> Source material:
══════════════════════════════
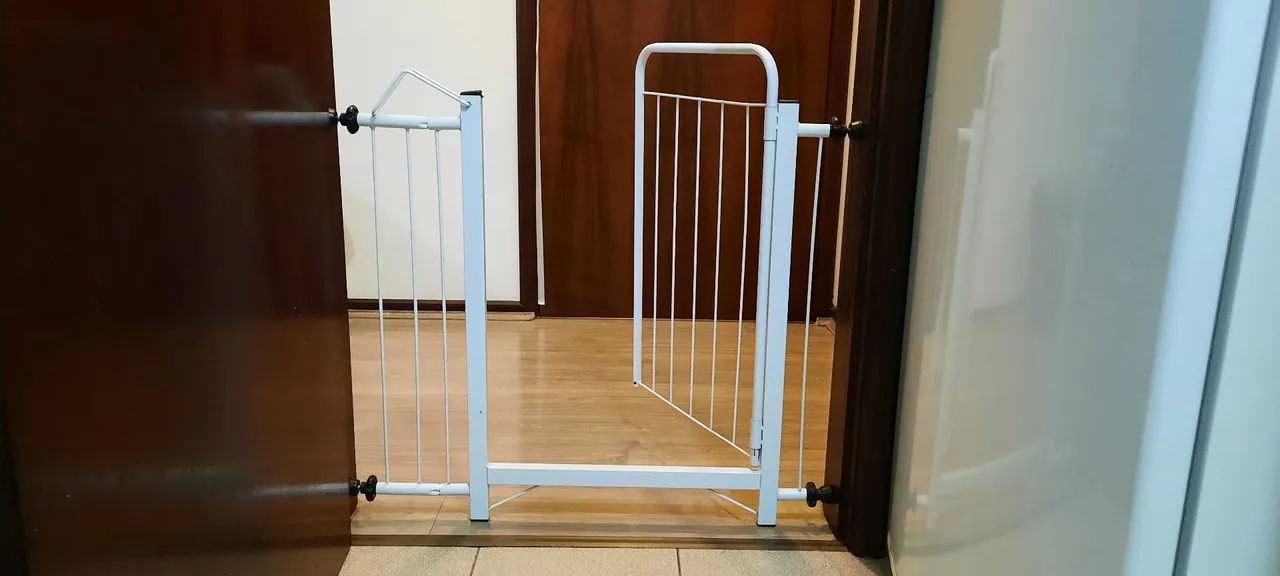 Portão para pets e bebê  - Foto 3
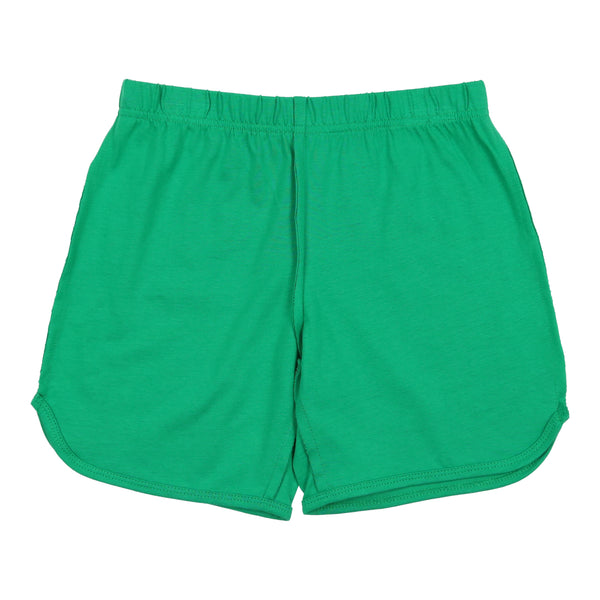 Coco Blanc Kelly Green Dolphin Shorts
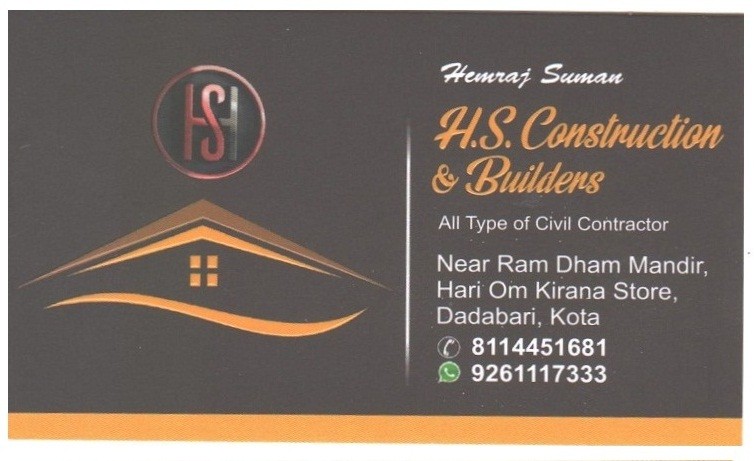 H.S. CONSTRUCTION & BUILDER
══════════════════════════════
Would you transcribe the listing above line by line, exactly, leaving every picture out?

 Portão para pets e bebê  - Foto 3
 Coco Blanc Kelly Green Dolphin Shorts
 H.S. CONSTRUCTION & BUILDER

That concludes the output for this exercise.